If you’re looking for a detailed, analytical preview of a 180 minute advertisement for what I can assume is the most authentic Australian cuisine you can find stateside in the guise of an exhibition football game, you’ve come to the wrong place. I recommend MGoBlog for that. Full disclosure: I’ve never been to Outback Steakhouse. I’ve only ever seen it in those commercials with the dude who’s made a career out of a fake Australian accent. I’ve been to Chili’s and Applebee’s, though, so I think I get the gist. These places offer the façade of being a cut above fast food. If you order a few beers and squint at the menu, you may convince yourself that spending twice as much to gorge on reheated appetizers is worth the added money and time. If done right, this can make for harmless fun. Usually, it ends with you feeling bloated, regretful, and unfulfilled. You probably should have just snacked on some of the fruit you had lying around and waited for dinner.
Michigan and South Carolina is a showdown commensurate with this brand. There will be a lot of good football played on New Year’s day. It will not take place in this game. However, if you’re reading this preview, you’re likely either a personal friend of mine or Dalton’s or a Michigan football junkie. As such, you may find yourself unable to avoid being in a room where the game’s on. The remainder of this preview will be dedicated to helping you decide whether you should tune in or temporarily blind and deafen yourself until you can change channels to the Peach Bowl.
Why you should watch:
- Brandon Peters will get the starting nod. While the game itself means little for Michigan this season, an impressive performance against the Gamecocks would provide Peters a boost in the inevitable quarterback duel with incoming Ole Miss transfer Shea Patterson. South Carolina is Not Good, but they don’t give up a lot of points either, and Peters will have work to do behind an offensive line that probably hasn’t learned to pass protect in the last month.
- The Michigan defense is going to wreck some fools. The fake USC put up 13 points against Kentucky this year.

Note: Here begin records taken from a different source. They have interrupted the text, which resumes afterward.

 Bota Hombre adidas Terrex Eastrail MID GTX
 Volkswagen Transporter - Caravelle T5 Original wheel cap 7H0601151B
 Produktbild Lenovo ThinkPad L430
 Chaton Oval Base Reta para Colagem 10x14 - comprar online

Mo Hurst avenging the Jadeveon Clowney hit from 5 years ago would be cathartic, and would almost make his decision to jeopardize his livelihood worth it.

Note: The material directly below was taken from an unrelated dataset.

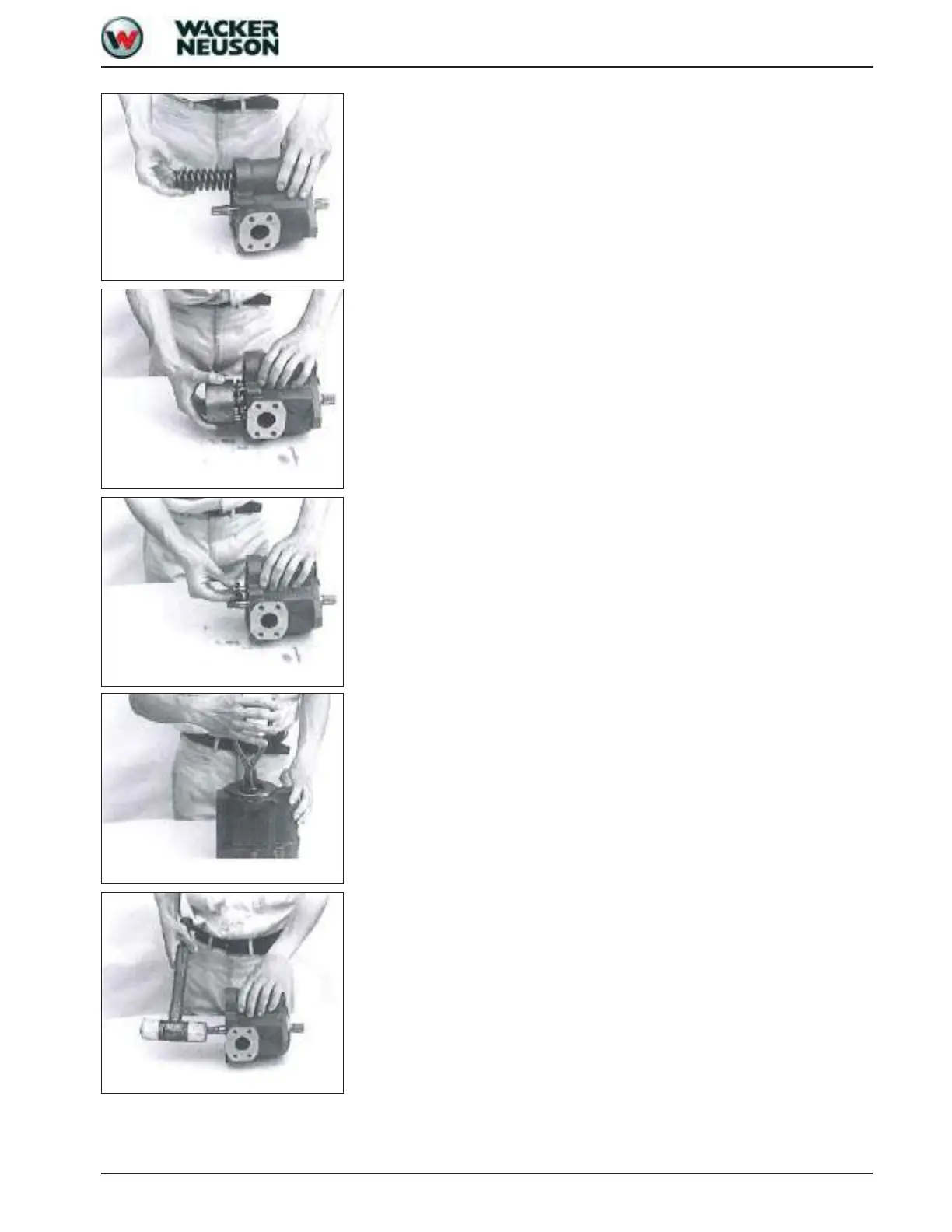 Page #139 background image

- Because life is in the journey, not the destination. By framing sports in terms of championship-or-bust, we often lose sight of the poetry of individual moments. Don’t get caught up in rankings or records. Stop and appreciate the impossible synchronization of a well-blocked draw. Imagine the countless repetitions, the hours of late night film study, the endless honing of the human form that coheres into one burst of power and precision to tip away a pass on 3rd and 8. Each game serves as theatre after a lifetime of rehearsal for some of the most gifted and dedicated among us.
Why you shouldn’t watch:
- The offensive line will still be painfully bad, and this game probably won’t offer any insight into how it will look next year.

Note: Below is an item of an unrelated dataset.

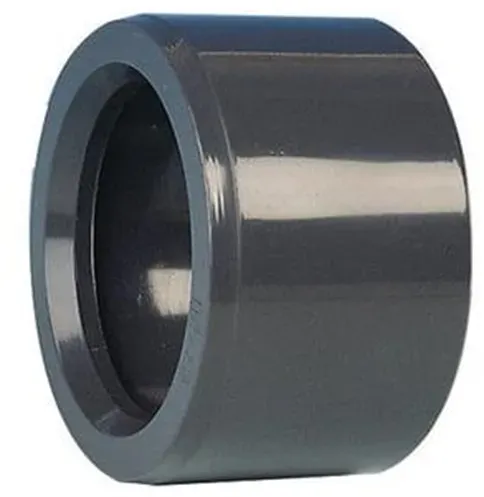 Red bush st pvc pn16 d40-d32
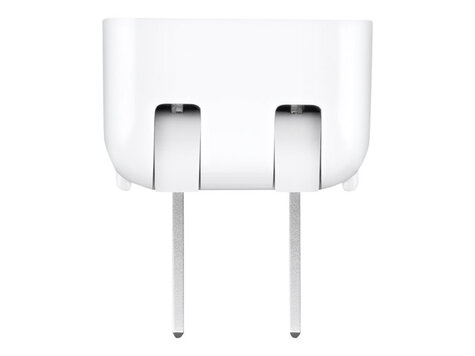 Apple World Travel Adapter Kit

- Michigan might lose. The played-out jibes about Harbaugh leaving for the NFL lead to shots fired at idiotic takes, which lead to stupid jokes about the whole fiasco, which lead to glib meta-analysis in a blog viewed by 14 people. Each Michigan loss just adds another shovel to this shit heap. Seeing it happen and knowing what’s coming makes for an agonizing experience.
- We yearn for something football will never provide. Sports fandom, for most, is an endless cavalcade of misery interrupted by brief spurts of false hope. This game will not bring absolution. Even the championship at the end of the tunnel will be a transient achievement of people most of us have never met that will one day be forgotten. The only reason we care about our particular team is because we’ve been suckered into tribal loyalty by an organization that lines its pockets at the expense of generations of exploited laborers. An improbable victory will not impart any purpose or significance on our objectively meaningless existence.